UCR★STAR  StarMap Demo GitHub

Deploying a Starlet tile server

This is a step-by-step guide to standing up a live Starlet vector-tile server, from a raw GeoParquet/GeoJSON file to tiles served over HTTP — including a no-root recipe for running behind an existing Apache install (the exact setup used for the starmap.cs.ucr.edu/demo deployment).


1. Prerequisites

Check Python:

python3.12 --version          # Python 3.12.x

2. Install Starlet

Create an isolated virtualenv (on your data disk if space is tight) and install the package plus its geo stack:

# pick a location with space; avoid a near-full home/root partition
mkdir -p /data/$USER/starlet_demo && cd /data/$USER/starlet_demo

python3.12 -m venv venv
./venv/bin/python -m pip install --upgrade pip wheel
./venv/bin/pip install starlet            # pulls pyarrow, geopandas, shapely, pyproj, flask, pmtiles, ...

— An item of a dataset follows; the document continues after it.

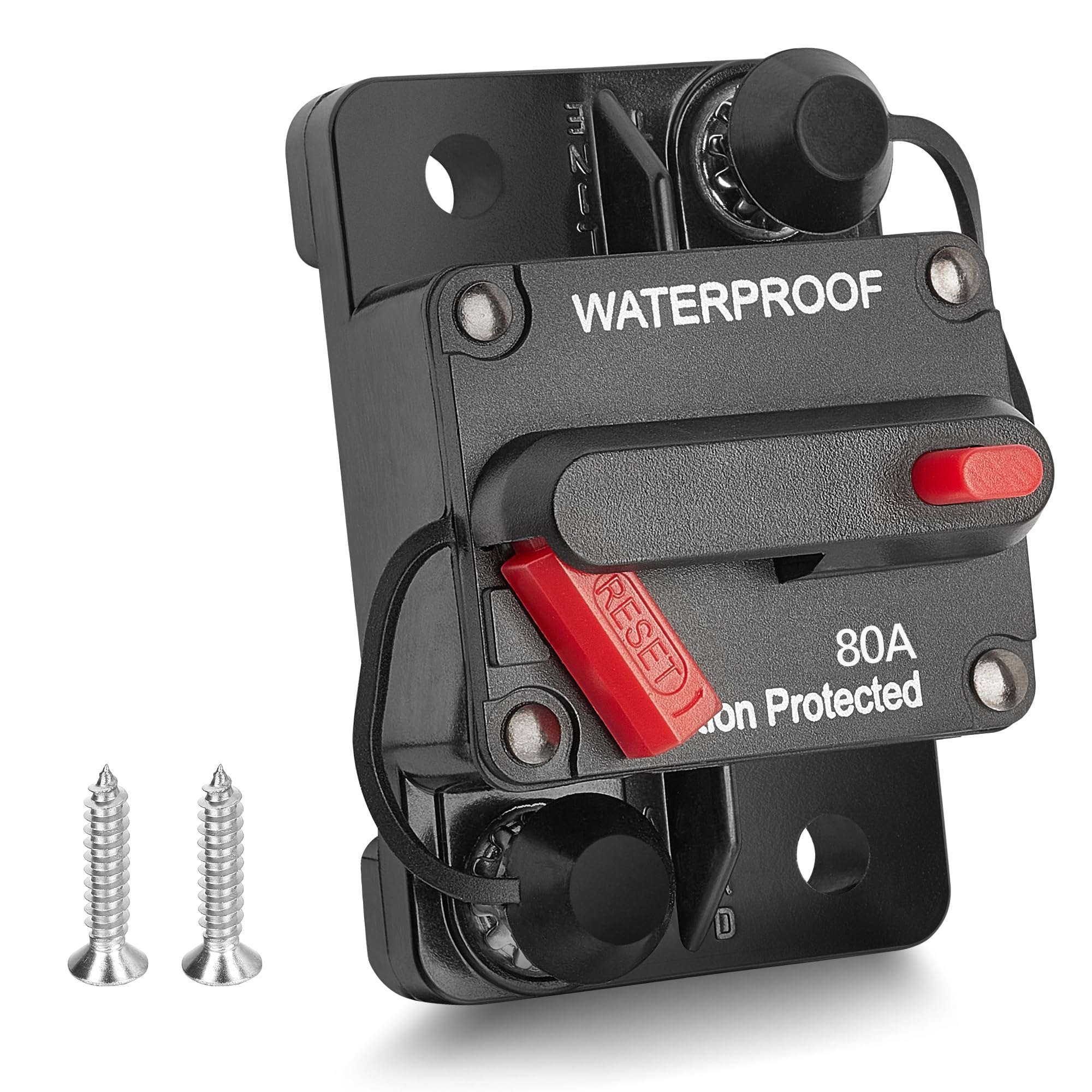 RED WOLF 80Amp Circuit Breaker for Boat Trolling Motor Marine ATV Vehicles Stereo Audio Electronic Battery System Inline Fuse Manual Reset Switch Waterproof DC 12V-48V-image-44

./venv/bin/starlet --version              # 0.3.0

Installing from a local wheel instead of PyPI: ./venv/bin/pip install ./starlet-0.3.0-py3-none-any.whl

3. Build a dataset

starlet build runs the full pipeline — partition into GeoParquet shards (tile) and pre-generate the MVT pyramid (mvt). A dataset is a directory under an output root; the server serves every dataset directory it finds.

mkdir -p datasets

./venv/bin/starlet build \
  --input  /path/to/source.parquet \
  --outdir datasets/MyDataset \
  --zoom   8 \
  --threshold 1            # generate ALL non-empty tiles at every zoom (see note)

Result layout:

datasets/MyDataset/
  parquet_tiles/      # spatial shards (the index + a queryable GeoParquet store)
  histograms/         # density grid for tile selection
  stats/attributes.json
  mvt/<z>/<x>/<y>.mvt  # the pre-generated pyramid

Notes & gotchas

4. Run the server

./venv/bin/starlet serve \
  --dir  datasets \
  --host 127.0.0.1 \
  --port 8765 \
  --log-level WARNING

Endpoints (relative to http://127.0.0.1:8765):

Method Path Purpose
GET /api/datasets List datasets
GET /api/datasets/<d>/stats Attribute statistics
GET /datasets/<d>.json Dataset metadata (size, geometry, …)
GET /<d>/<z>/<x>/<y>.mvt Vector tile
GET/POST /datasets/<d>/features.<csv\|geojson>?mbr=… Bounded feature download

Smoke test:

curl -s http://127.0.0.1:8765/api/datasets
curl -s -o /dev/null -w "%{http_code}\n" http://127.0.0.1:8765/MyDataset/0/0/0.mvt

Bind to 127.0.0.1 so only the local Apache (next section) can reach it. Use --host 0.0.0.0 only if you intend to expose the port directly.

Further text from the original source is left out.